It felt like half the country was holding its breath. The delicate parachute floated down against a dusty blue sky, holding the lives of three astronauts in its taut strings. Hazza Al Mansoori returning to Earth, after eight days and approximately 128 orbits of the globe. The Emirati fighter pilot is the UAE’s first astronaut, and the first Arab to set foot on the International Space Station.
His landing on the Kazakh steppes was perfect. The former fighter pilot emerged from the Soyuz spacecraft grinning broadly. As his crew covered him with an Emirati flag, he gave the thumbs-up sign to the cameras.
Only one short year ago, Al Mansoori and his back-up Sultan Al Neyadi were just military men. Then Sheikh Mohammed bin Rashid Al Maktoum, Vice President and Prime Minister of the UAE, and Ruler of Dubai announced the start of the astronaut programme on Twitter.
More than 4,000 men and women applied, and eventually father-of-four Al Mansoori was picked along with Al Neyadi as a back-up.
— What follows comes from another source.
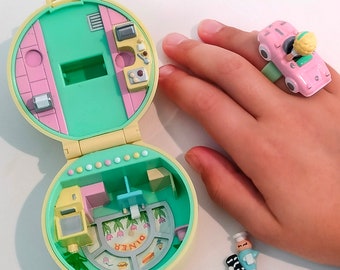 BLUEBIRD POLLY POCKET Coeur Vert Porte Bague Chambre Sans Figurines 1991 Vintage EUR 17,50 - FR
They immediately started an intensive training programme at Star City in Russia, rebuffing any suggestions of space tourism. “Normally astronauts train for five years,” Al Neyadi explains, “But this was accelerated. It has been really tough.” “It was hard to digest,” adds Al Mansoori. “The Soyuz spacecraft is all in Russian. All the buttons… the first time I sat down…it is like alien letters. [I asked myself] how can I learn all of this?”